Costly Recruiting Mistakes and How to Avoid Them
When a company takes on a new employee who turns out to not be a good fit for their job it can be extremely expensive.
Whatever the reason (lack of ability, lack of skills, not a 'fit' for the job or the environment), an ineffective or unhappy employee will not do as good a job, and the effects of that can ripple out through the company, and its clients or customers.
Loss of money, loss of business, loss of reputation and loss of morale can all result.
But how did this unsuitable person end up in the job in the first place? Usually because of failures in the recruitment process. So let's take a look at various things that should be done to make sure that your company is not one of those that ends up paying the price for poor recruitment.
Communication is vital
It sounds so obvious, but the recruiter (external or internal) and the manager(s)-to-be of the successful applicant must establish and maintain good communication. At the outset, all information about the job must be crystal clear; as the interview and selection process gets underway, regular feedback and dialogue is essential.
Getting the job description right
We've written recently about the importance of a quality job description; the responsibility for this is shared between the recruiter and the manager(s)-to-be. If the job listing is poorly written, vague, ambiguous, or boring, then top candidates won't apply. If a successful candidate finds out their new job does not do what it said on the tin, then they'll probably under perform - and then leave.
Favouritism and nepotism
By all means consider interviewing applicants that are friends or relatives of current employees, but for goodness sake don't let that be your only talent pool.
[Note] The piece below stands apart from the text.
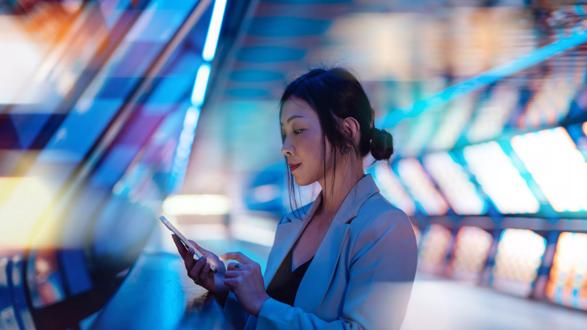 Young business woman holding smartphone with a computer generated background. Innovation, metaverse and futuristic concepts.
The best-suited person for the job is, in the vast majority of cases, most definitely not the MD's nephew.
Discriminating based on age or looks
It's a sad fact that many companies still end up giving jobs to younger, better-looking people, and even sadder that we need to point out that this is such a mistake, not to mention something that there is legislation against. Good looks do not always accompany brains, and older applicants often have a better work ethic, are better team players, more productive, more consistent and more committed.
Mistakes at interview
In house recruiters sometimes make the mistake of sharing office politics and gossip with candidates, forgetting that their job is not just to assess the candidate but to sell them on the company. Then there are poor (or even absent) interview questions that mean that candidates aren't vetted for core competencies, the non-negotiable criteria for the position, or their perception of the company and the likelihood of there being a good cultural fit.
Over-valuing the candidate's presentation
If the candidate is not going to be client-facing, in a sales-based or liaison role, then how important is their appearance, their confidence, charming personality, or wit? Properly chosen interview questions that require a candidate to demonstrate real depth of knowledge in their specialist field will help you separate those that impress at interview from those that will be truly effective.
Lack of respect for candidates
We've written about treating candidates with respect before, so we'll just touch on it briefly here: always acknowledge applications, always give feedback, and always return calls. Never leave closed positions apparently open on job boards (or worse still, create adverts for jobs that don't exist) to try to build a talent pool or pipeline. And, once you have your chosen candidate, do devote real resources to training them and helping them settle into their new job.
Always check references, and don't put too much credibility into them; carry out your own background checks too.
Finally, when it comes to salary, don't try to pay under the market rate; your employee will find out, and will feel undervalued. You are risking poor performance and eventual loss of that person. Putting off hiring is usually a false economy too; pressurised managers who have been under-resourced for too long are more likely to approve the first person that looks like even a partial match for the job.